The collection covers an extensive period of Philippine art history, ranging from the Spanish period to Philippine modernism which began in the thirties. It includes works from different styles and traditions, from the Academic style of the nineteenth century to the various modernisms of the first half of the twentieth century. The collection also has editorial drawings, cartoons, and caricatures.

The collection was known to have the most number of works by Fernando Amorsolo, the country’s first National Artist and friend of Mr Vargas. The building’s main balusters are by the National Artist Napoleon Abueva. National Artist Abdulmari Imao’s untitled sculpture can be found at the driveway.

Library and Archives

Located on the third floor of the Museum, the Vargas library and archives hold a vast body of books, documents and memorabilia pertaining to Jorge B. Vargas and his historical context, including the American colonial period, the Commonwealth era, and the Japanese Occupation.

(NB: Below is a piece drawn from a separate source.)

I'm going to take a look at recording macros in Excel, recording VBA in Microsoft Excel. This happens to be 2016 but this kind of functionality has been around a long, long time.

The library houses 3,193 book titles and 1,542 volumes of periodicals classified into Vargasiana (published materials on and by Jorge B. Vargas), Quezoniana (works on President Manuel L. Quezon), Rizaliana, Sports, Law books and various Serials. Manuscripts and rare books numbering among them, these titles fall under the areas of Philippine ethnography, history, linguistics, art, philately, and numismatics. 

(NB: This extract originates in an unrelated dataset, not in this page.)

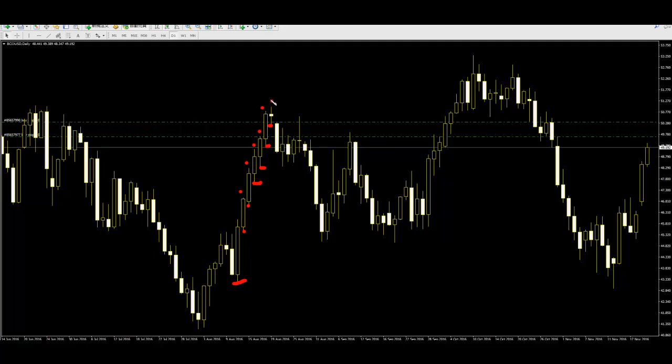Take profit automatically when the trade closes out. For a sell trade, vice versa. Thank you.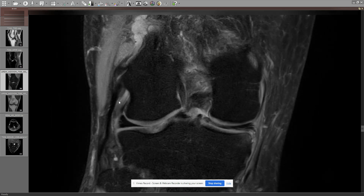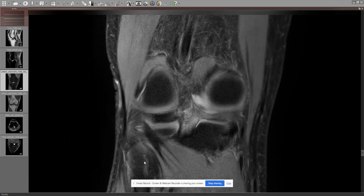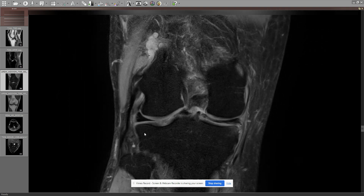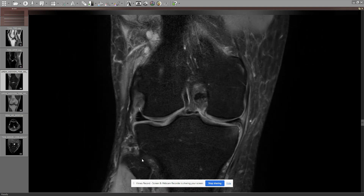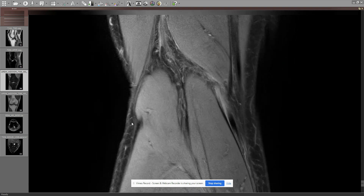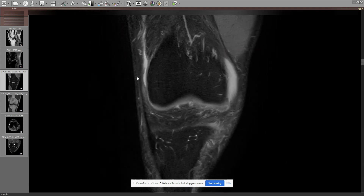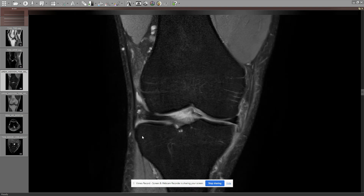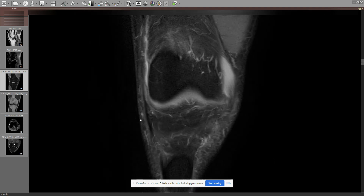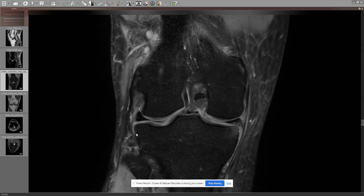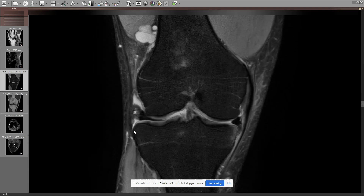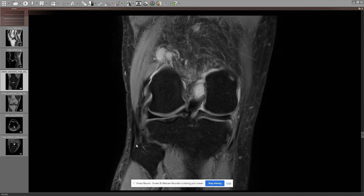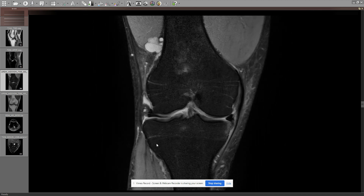The popliteus tendon — too thick, too high — so there's tendinosis. The muscle is fine. The arcuate popliteal ligament is fine. The proximal tibiofibular joint is fine. The iliotibial band is fine, no irritation. And we don't see anything wrong in the course, or the presumed course, of the lateral collateral ligament either, which I did not mention in my report.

The Museum’s archival collection consists of 88 boxes of around 300 feet of loose documents (receipts, correspondence and biographical files), 332 volumes of scrapbooks (newspaper clippings, photographs and greeting cards) and items such as trophies, lighters and hotel keys. Boy Scouts pins, badges, and souvenirs, photographs in action, periodicals, sports magazines are also found in the Vargas library and archives. All this reveals Mr Vargas’s broad sympathies. Keeping a close record of his personal interests as well as his political career during the Commonwealth and World War II, the archives are a window into the Philippines and Asia of Vargas’s time, instructive to any student of Philippine history, culture, and diplomacy. 

Click here to visit the Vargas Library and Archives website.


Stamps and Coins

The museum keeps the vast philatelic collection of Mr Vargas, who once held the acting director position in the country’s Bureau of Posts in 1920. The thousands-strong collection contains postage stamps from the late nineteenth century, first-day covers, and unique stamps that mark milestones in the nation’s history.

The Vargas numismatic collection traces the history of mintage and currency use of the country. Included in the collection are coins from the period of Spanish colonization, banknotes used during the Pacific War, and commemorative coins and banknotes, among others.



The memorabilia that the Vargas Museum houses gives us a glimpse not only of Mr Vargas’s achievements as a government official, but also the facets of his life outside of public service. These keepsakes are sorted out into four categories: diplomas and certificates from academic institutions and affairs he attended; plaques and trophies from events he participated in and won; medals and badges acquired from official functions and affiliated organizations; and souvenirs given by friends or acquired from travels abroad.